▸ EXERCISE
Once the pictures are removed, reproduce what is left of the data below exactly.

▸ DATASET
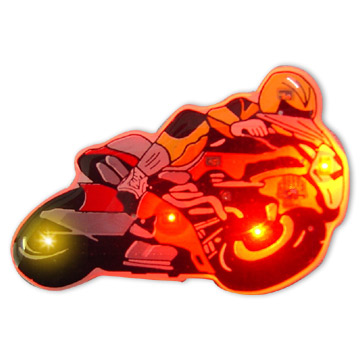  Magnetic Flashing Body Light ( Magnetic Flashing Body Light)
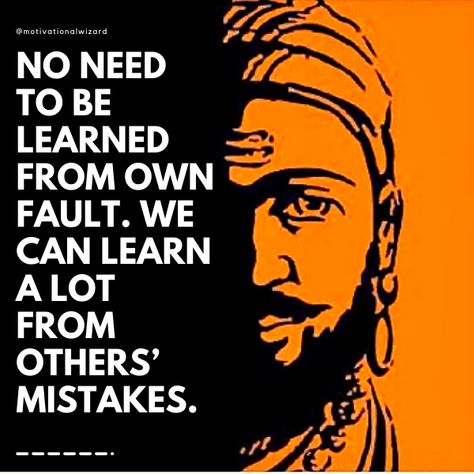 Shivaji Maharaj Quotes, Chhatrapati Shivaji Maharaj, Sanskrit Language, Shivaji Maharaj, National Heroes, One Small Step, Knowledge And Wisdom, Best Inspirational Quotes, Heart And Mind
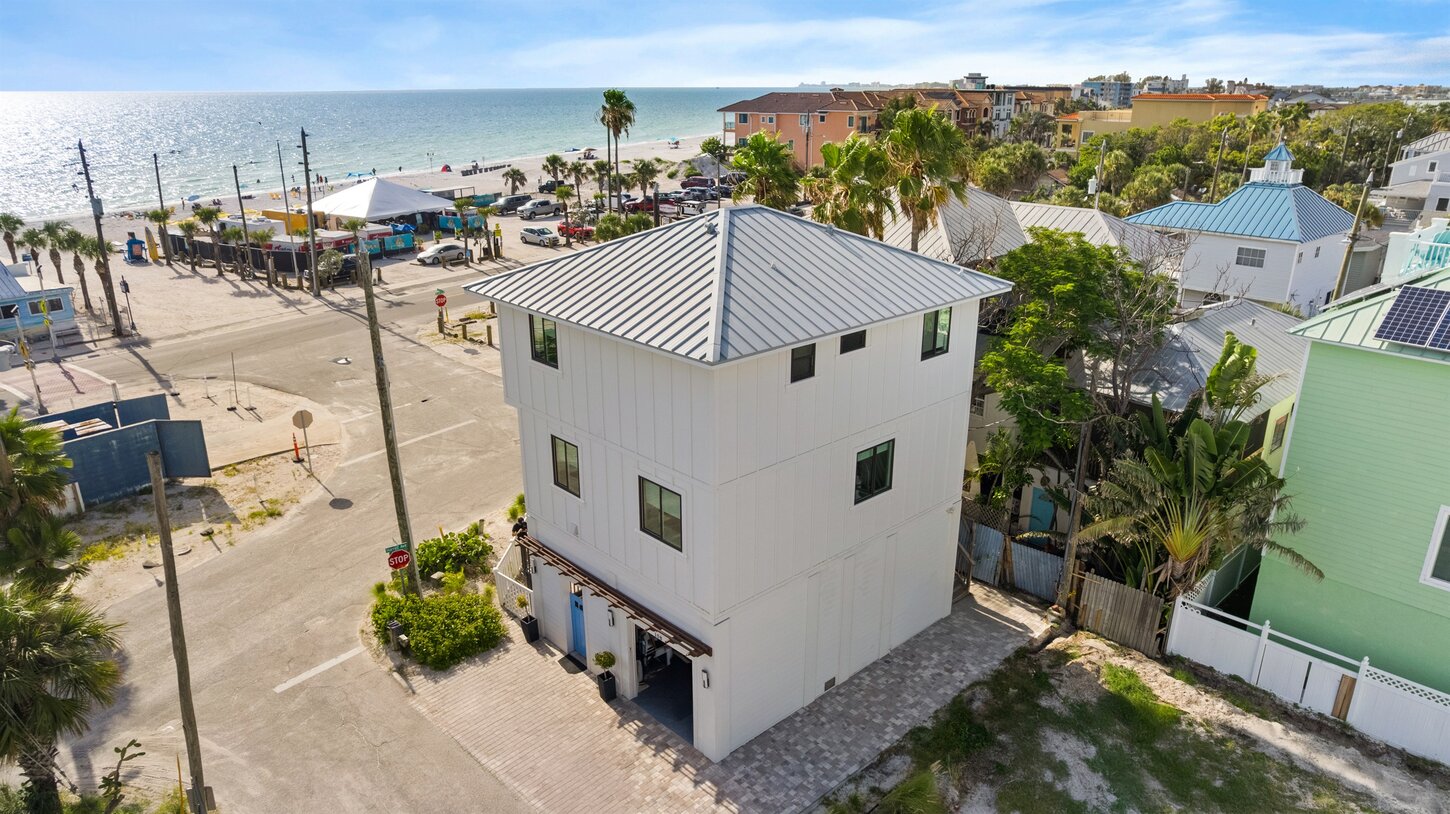Side of House Proximity to Beach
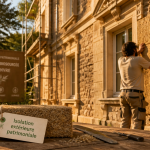 refus isolation extérieure abf artisan façade pierre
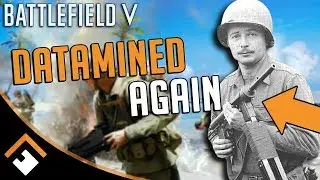 Pacific Expansion Revealed? Battlefield V Datamine Hints at New Maps, Vehicles, and Weapons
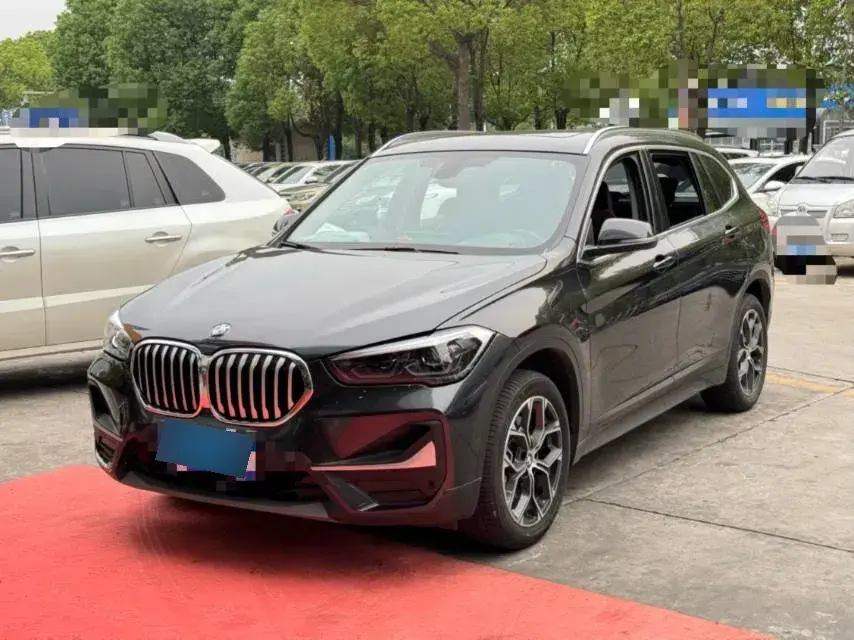 2022 BMW X1 2.0T 192HP L4 7DCT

▸ ANSWER SECTION
  Magnetic Flashing Body Light ( Magnetic Flashing Body Light)
 Shivaji Maharaj Quotes, Chhatrapati Shivaji Maharaj, Sanskrit Language, Shivaji Maharaj, National Heroes, One Small Step, Knowledge And Wisdom, Best Inspirational Quotes, Heart And Mind
Side of House Proximity to Beach
 refus isolation extérieure abf artisan façade pierre
 Pacific Expansion Revealed? Battlefield V Datamine Hints at New Maps, Vehicles, and Weapons
 2022 BMW X1 2.0T 192HP L4 7DCT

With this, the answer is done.